Delft sand casting: choose the right model
In my previous blogs part I and part II I have described (in Dutch) my basic experiences with Delft sand casting technique. This technique uses oily read sand stuffed inside two aluminum rings. You can make molds of different shapes in this sand and then pour the melted metal into it. This blog is about sharing a more advanced experience with sand casting. It is not meant to be a manual ( which can be found here ).
One of the basic limitations of the Delft sand casting technique is that it does not work for every shape. The basic shape must be conic: the upper part should not be wider than the lower part. There must be no protruding details which get stuck in the sand when you separate the rings from each other. Another limitation is that the shape must be as compact to the center as possible. The center is where the casting channel is located. The more peripheral branches in the model, the higher the chance that the melted metal would not reach them (see troubleshooter paragraph below). Flat shapes, like this one pug face to the right, are Okay, but also deep conic shapes are fine.

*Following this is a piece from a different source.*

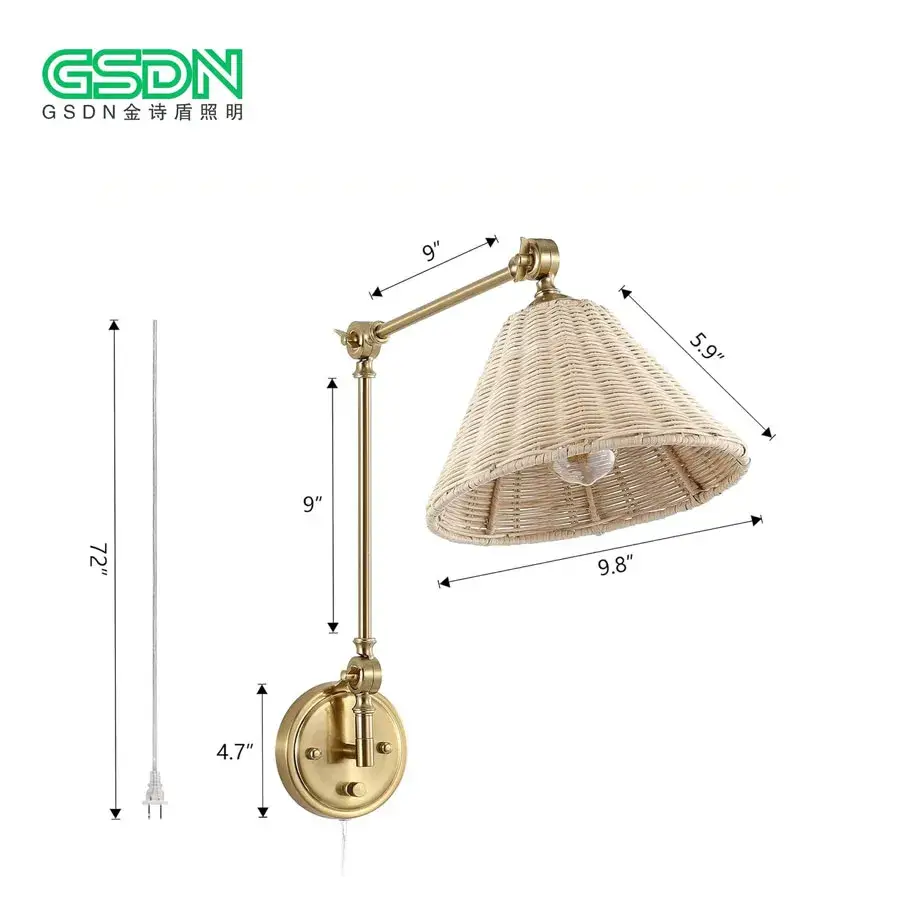 Đèn tường mây có tay điều chỉnh và chao đan tự nhiên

You need to follow the flow of the melted metal to understand the logic.
Not only the shape but also the material of the model is important. For the nature-inspired jewelry makers, every natural object looks like a perfect model. However, twigs and branches are too flexible to make a good model. I experimented with covering them with varnish and glue to make them stiffer. Unfortunately, glue covers their texture and sometimes the sand gets stuck too.

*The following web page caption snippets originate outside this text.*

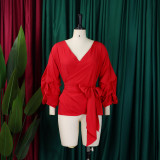 Sexy Tie Up Bubble Sleeve V-Neck Blouse GCZF-8620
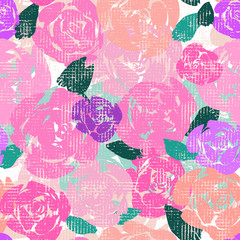 Abstract multi-colored hand painted roses with canvas texture effect. Seamless vector pattern.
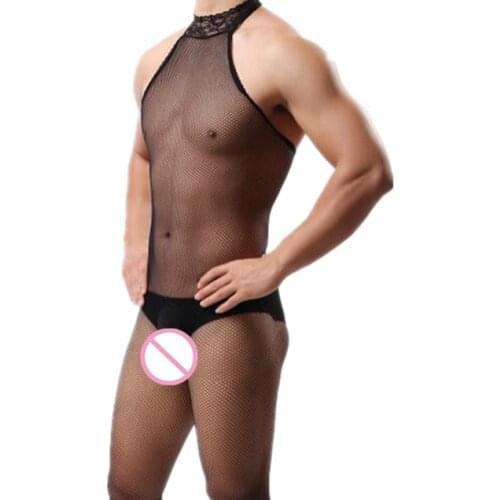 Male Lace Pajamas Sexy Underwear Gay Sissy Body Stockings Open Crotch Jumpsuit Men Erotic Lingerie Fetish Bodysuit Sexy Costume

Some jewelry makers prefer carving models from wood and hard cardboard. It is a very labor-intensive process. Fortunately, the model can be reused.
Since I started my jewelry making adventure with precious metal clay I like sculpting models in clay. But here comes the challenge. Gypsum-bonded investment materials are often too fragile. The model won’t survive stamping and hammering into the sand and can break.

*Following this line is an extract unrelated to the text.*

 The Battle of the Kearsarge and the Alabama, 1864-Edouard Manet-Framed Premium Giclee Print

Polymer clay is an easy, available, cheap and strong material. However, it is quite difficult to make a refined model. The look remains ‘clayish’. At least with my technique, I can not make it as fine as my silver clay objects. You can see it in my items below. They are quite unsophisticated.
I also experimented with bee’s wax but found this material difficult to process. The wax melted in my fingers. And when it hardened, it was still not hard enough.
Hard stone and metal objects make great models which can also survive being stamped into the sand. Actually, you can use any cheap metal (like brass) prefabs to ‘upgrade’ the objects to silver and even gold.
Delft sand casting troubleshooter: what to do if the casting is incomplete?
The first moment when things can go wrong is when the model is removed from the sand. Some fine details can get stuck in the sand. Very often the mold can be fixed manually. The missing elements such as lines etc can be restored, i.e. drawn in the sand with a needle, a burnisher or another tool. Take care that you won’t make the model thicker. Because every extra space in the mold means extra volume on the object.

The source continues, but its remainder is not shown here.